The Last aligner is reportedly many times faster than DIAMOND on small problems, and a number of times faster on very large datasets.
For example, when aligning 60 million DNA reads of length 101 against 110 million reference proteins, Last is just over 3 times as fast as DIAMOND (287 minutes vs 900 minutes wall clock, running on a Linux server with 32 cores and 512GB of memory).
However, there are a couple of issues that make Last currently less suitable for us together with MEGAN:
- it can’t read compressed input files, thus such files have to be uncompressed, then run, then compressed.
Given the number and size of fastq files that most projects involve, this is annoying.

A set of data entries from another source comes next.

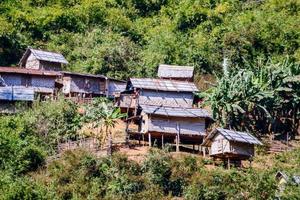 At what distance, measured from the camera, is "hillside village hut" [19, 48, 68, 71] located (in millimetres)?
55688

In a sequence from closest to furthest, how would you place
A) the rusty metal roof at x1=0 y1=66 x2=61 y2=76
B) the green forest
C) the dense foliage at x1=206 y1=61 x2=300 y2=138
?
1. the green forest
2. the dense foliage at x1=206 y1=61 x2=300 y2=138
3. the rusty metal roof at x1=0 y1=66 x2=61 y2=76

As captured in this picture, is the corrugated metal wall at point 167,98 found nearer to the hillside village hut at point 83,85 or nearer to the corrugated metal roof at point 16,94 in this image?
the hillside village hut at point 83,85

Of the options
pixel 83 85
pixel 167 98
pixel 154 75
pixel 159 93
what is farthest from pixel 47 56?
pixel 167 98

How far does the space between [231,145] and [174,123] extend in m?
5.45

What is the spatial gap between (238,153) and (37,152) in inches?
480

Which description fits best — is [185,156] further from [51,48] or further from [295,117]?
[51,48]

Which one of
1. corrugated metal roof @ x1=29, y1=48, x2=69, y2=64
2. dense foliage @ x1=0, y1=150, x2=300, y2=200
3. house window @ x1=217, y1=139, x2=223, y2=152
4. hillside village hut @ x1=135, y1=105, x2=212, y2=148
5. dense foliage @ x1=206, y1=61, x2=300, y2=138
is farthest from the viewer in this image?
corrugated metal roof @ x1=29, y1=48, x2=69, y2=64

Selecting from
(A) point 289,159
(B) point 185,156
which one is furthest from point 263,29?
(B) point 185,156

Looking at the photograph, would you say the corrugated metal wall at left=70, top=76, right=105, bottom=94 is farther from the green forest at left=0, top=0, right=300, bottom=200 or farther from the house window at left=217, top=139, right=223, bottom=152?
the house window at left=217, top=139, right=223, bottom=152

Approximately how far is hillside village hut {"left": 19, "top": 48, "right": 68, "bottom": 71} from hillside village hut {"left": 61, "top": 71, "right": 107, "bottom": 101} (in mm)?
2635

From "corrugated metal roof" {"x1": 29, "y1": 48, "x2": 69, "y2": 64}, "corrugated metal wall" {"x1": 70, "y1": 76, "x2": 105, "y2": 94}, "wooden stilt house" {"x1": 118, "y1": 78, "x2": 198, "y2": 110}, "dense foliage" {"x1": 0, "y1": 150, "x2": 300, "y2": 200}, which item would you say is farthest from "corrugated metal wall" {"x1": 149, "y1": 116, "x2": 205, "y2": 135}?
"corrugated metal roof" {"x1": 29, "y1": 48, "x2": 69, "y2": 64}

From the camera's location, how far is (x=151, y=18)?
7538 cm

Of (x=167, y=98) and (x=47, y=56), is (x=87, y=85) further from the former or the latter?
(x=167, y=98)

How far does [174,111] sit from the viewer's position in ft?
150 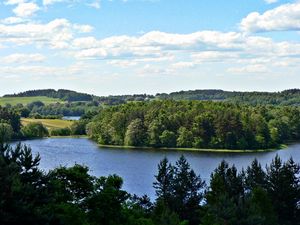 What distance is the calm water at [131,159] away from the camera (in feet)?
227

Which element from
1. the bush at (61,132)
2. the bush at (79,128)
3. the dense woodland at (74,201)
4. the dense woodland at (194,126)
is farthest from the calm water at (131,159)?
the dense woodland at (74,201)

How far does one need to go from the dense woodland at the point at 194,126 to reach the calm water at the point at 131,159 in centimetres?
645

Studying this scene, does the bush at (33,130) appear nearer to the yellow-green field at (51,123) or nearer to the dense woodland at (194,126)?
the yellow-green field at (51,123)

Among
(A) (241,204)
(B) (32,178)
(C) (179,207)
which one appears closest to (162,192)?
(C) (179,207)

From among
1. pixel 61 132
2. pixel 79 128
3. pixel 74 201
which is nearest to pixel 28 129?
pixel 61 132

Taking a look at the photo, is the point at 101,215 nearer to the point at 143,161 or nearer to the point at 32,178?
the point at 32,178

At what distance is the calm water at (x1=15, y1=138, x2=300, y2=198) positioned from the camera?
2726 inches

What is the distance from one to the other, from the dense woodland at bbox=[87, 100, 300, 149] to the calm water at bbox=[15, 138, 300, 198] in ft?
21.2

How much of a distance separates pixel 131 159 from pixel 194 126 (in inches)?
1233

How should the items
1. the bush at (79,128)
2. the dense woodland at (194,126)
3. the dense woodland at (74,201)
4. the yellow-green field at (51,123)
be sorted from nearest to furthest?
the dense woodland at (74,201)
the dense woodland at (194,126)
the bush at (79,128)
the yellow-green field at (51,123)

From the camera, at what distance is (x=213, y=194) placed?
128 ft

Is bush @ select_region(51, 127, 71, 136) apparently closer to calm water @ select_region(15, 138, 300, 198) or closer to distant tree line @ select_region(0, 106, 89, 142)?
distant tree line @ select_region(0, 106, 89, 142)

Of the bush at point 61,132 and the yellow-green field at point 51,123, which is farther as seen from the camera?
the yellow-green field at point 51,123

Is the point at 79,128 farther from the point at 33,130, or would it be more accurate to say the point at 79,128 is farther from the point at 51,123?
the point at 33,130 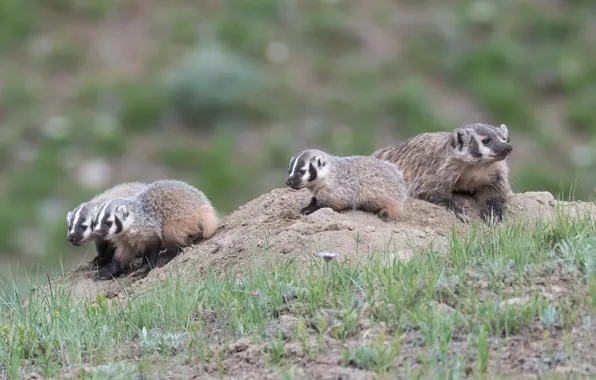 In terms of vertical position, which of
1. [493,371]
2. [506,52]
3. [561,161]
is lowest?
[493,371]

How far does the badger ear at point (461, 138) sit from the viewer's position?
7379 millimetres

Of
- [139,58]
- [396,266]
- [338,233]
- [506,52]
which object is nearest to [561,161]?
[506,52]

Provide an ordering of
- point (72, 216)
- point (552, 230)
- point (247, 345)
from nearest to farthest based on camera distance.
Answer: point (247, 345) → point (552, 230) → point (72, 216)

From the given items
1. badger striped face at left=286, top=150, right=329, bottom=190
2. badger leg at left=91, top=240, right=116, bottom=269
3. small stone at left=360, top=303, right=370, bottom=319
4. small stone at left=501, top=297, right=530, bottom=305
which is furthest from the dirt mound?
small stone at left=501, top=297, right=530, bottom=305

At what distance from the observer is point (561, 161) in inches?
487

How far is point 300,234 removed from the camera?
660 centimetres

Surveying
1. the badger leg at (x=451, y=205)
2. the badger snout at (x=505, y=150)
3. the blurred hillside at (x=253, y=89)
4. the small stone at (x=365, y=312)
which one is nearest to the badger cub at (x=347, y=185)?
the badger leg at (x=451, y=205)

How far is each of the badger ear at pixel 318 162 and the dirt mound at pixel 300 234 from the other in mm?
318

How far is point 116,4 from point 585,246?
10124 mm

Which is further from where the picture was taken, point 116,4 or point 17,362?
point 116,4

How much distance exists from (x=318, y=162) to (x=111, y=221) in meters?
1.35

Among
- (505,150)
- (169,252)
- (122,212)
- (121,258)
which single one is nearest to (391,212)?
(505,150)

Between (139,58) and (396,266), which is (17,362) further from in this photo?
(139,58)

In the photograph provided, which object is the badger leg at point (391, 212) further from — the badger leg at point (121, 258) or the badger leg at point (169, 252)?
the badger leg at point (121, 258) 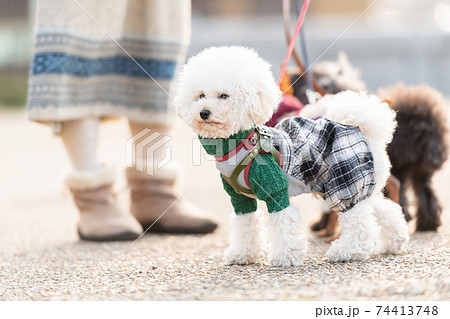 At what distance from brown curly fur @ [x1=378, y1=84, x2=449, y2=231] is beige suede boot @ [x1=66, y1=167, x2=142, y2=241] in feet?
4.34

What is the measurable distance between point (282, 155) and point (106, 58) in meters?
1.32

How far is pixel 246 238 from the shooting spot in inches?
87.8

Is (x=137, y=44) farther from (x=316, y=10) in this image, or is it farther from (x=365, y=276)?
(x=316, y=10)

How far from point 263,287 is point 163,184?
151 cm

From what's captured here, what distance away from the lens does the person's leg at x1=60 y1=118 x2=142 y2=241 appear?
9.56 ft

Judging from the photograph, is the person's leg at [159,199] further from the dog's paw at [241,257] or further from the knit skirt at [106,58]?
the dog's paw at [241,257]

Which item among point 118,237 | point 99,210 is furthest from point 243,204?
point 99,210

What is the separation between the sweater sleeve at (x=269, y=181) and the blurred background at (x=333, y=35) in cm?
889

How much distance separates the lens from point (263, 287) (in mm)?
1822

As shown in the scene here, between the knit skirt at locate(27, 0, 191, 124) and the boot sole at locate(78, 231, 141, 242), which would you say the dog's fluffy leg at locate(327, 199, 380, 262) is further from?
the knit skirt at locate(27, 0, 191, 124)

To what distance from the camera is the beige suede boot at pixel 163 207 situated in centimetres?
314

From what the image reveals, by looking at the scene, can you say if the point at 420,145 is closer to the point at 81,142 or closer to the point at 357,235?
the point at 357,235

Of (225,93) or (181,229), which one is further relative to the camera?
(181,229)

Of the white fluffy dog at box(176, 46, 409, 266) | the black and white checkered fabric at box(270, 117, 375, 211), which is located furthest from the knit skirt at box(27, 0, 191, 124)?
the black and white checkered fabric at box(270, 117, 375, 211) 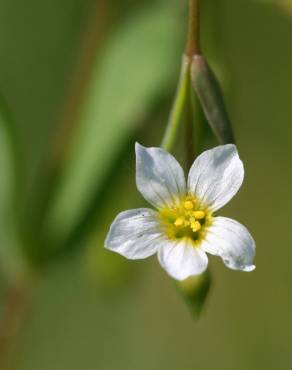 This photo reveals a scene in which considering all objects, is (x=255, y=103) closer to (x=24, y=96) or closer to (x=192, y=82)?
(x=24, y=96)

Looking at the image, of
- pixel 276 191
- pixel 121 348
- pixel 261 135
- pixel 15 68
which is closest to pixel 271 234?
pixel 276 191

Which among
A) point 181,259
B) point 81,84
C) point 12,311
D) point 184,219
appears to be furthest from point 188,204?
point 12,311

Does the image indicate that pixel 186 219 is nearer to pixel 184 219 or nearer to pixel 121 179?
pixel 184 219

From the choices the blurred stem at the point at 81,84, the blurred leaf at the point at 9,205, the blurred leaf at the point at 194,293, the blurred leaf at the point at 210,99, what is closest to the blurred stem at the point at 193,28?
the blurred leaf at the point at 210,99

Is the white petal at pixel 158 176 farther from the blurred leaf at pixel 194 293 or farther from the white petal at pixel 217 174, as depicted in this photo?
the blurred leaf at pixel 194 293

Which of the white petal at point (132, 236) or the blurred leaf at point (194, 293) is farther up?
the white petal at point (132, 236)

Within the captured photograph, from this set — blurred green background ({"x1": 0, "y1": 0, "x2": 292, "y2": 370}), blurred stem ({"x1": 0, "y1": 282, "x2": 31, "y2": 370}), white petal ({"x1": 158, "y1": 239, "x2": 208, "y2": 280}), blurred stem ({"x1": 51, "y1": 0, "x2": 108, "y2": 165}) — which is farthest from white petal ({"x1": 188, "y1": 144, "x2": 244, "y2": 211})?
blurred stem ({"x1": 0, "y1": 282, "x2": 31, "y2": 370}) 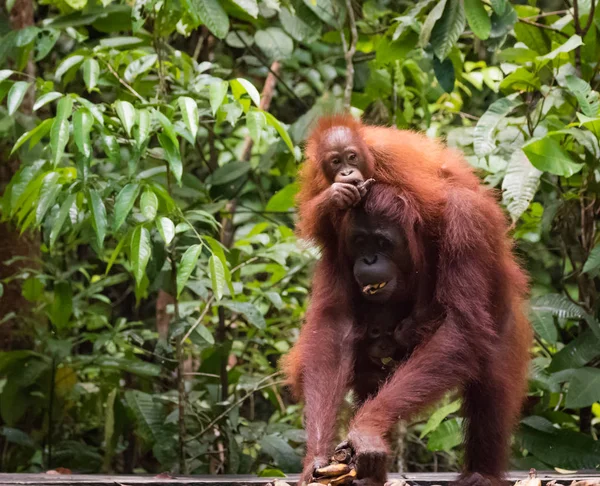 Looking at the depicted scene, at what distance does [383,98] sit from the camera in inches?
211

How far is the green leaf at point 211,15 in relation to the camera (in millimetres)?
3838

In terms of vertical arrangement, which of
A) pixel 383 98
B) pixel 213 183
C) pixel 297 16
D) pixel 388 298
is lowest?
pixel 388 298

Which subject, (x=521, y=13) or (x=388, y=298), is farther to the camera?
(x=521, y=13)

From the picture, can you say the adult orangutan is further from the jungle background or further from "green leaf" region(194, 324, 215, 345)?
"green leaf" region(194, 324, 215, 345)

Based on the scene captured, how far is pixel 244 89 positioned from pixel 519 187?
4.34 feet

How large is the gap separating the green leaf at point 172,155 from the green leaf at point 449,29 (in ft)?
4.44

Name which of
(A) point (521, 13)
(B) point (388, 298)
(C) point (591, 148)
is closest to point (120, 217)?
(B) point (388, 298)

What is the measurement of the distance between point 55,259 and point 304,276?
1625mm

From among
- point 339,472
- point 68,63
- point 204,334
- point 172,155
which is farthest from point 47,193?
point 339,472

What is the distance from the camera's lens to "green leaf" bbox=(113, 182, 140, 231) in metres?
3.52

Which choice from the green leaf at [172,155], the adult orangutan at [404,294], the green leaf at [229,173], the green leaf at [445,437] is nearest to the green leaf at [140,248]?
the green leaf at [172,155]

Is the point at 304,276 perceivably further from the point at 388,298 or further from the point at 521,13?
the point at 388,298

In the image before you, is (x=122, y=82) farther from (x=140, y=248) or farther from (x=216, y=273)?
(x=216, y=273)

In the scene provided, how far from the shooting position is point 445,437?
168 inches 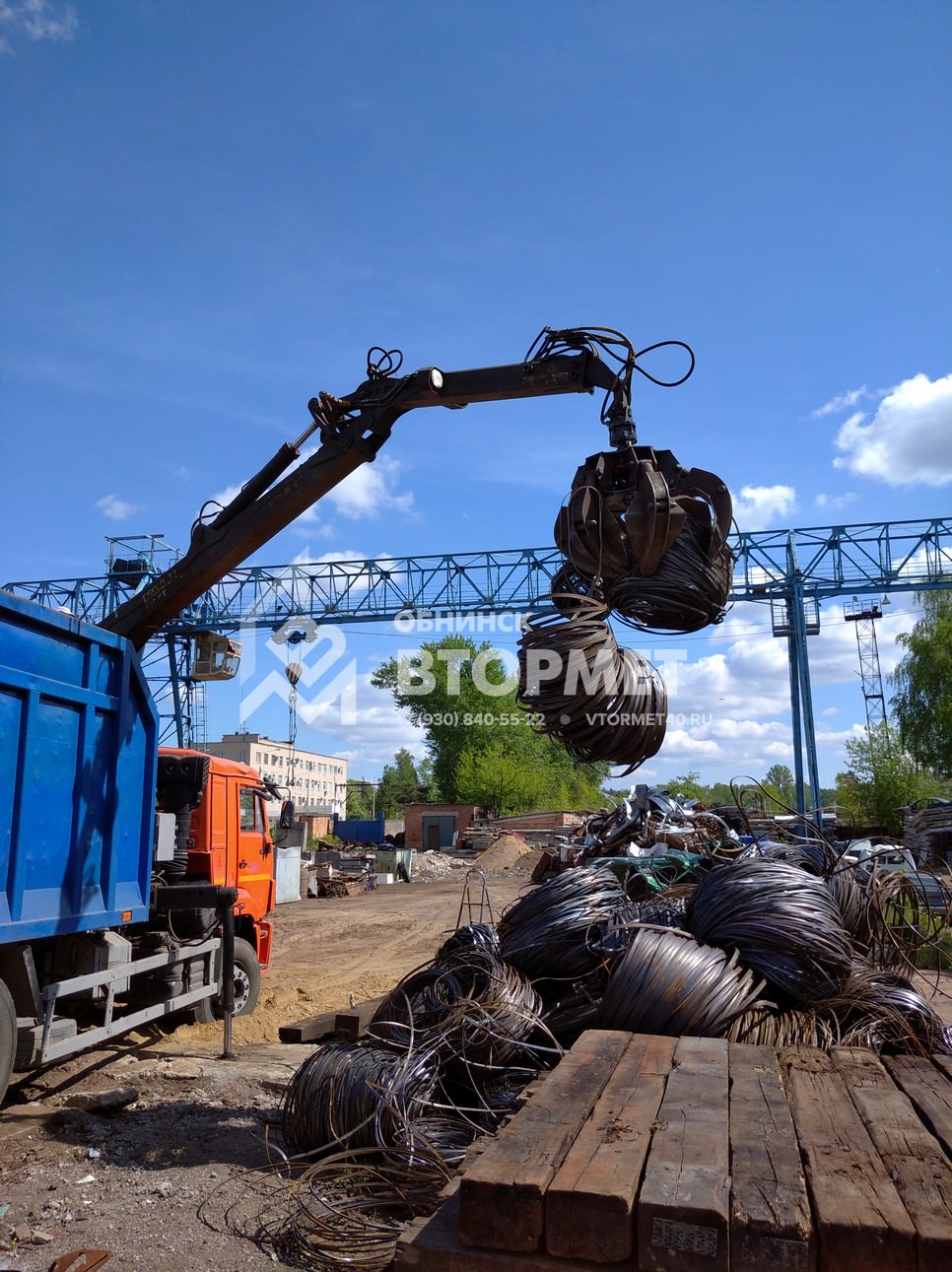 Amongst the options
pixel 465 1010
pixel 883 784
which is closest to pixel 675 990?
pixel 465 1010

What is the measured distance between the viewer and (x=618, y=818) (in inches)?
606

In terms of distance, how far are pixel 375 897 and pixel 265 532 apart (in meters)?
20.6

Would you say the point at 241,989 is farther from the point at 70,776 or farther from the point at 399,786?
the point at 399,786

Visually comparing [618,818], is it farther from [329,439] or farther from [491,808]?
[491,808]

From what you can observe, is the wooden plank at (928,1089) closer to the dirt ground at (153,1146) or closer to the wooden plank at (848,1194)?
the wooden plank at (848,1194)

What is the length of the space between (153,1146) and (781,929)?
4.06 m

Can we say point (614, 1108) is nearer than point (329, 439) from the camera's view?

- The output is not sorted by query. For efficiency, when importing a file, MEGAN streams through the file once and assumes that all matches for a given query appear consecutively together. So, if you import data directly from Last, the same read my be counted multiple times. (Perhaps it is possible to change this by setting appropriate command line options?). A tool called maf-sort.sh for sorting MAF file entries exists, but it appears to sort by subject sequence, not by query sequence…
- Last does not provide a compact format for describing the details of alignments. For the above mentioned dataset, in MAF format the Last output file is 420GB in size. In contrast, the DAA file produced by DIAMOND is only 17GB. While it would take MEGAN too long to analyze the output of Last, it takes 500 minutes to perform complete taxonomic and functional analysis and indexing of all reads and alignments in the file produced by DIAMOND.
In summary, Last is faster than DIAMOND (and reportedly more sensitive), but at present does not produce output that can easily be imported into MEGAN.
MEGAN (V6.6.8+) is able to import Last’s MAF format, but with the caveat that instances of the same read occurring in different parts of the input file are treated as different reads.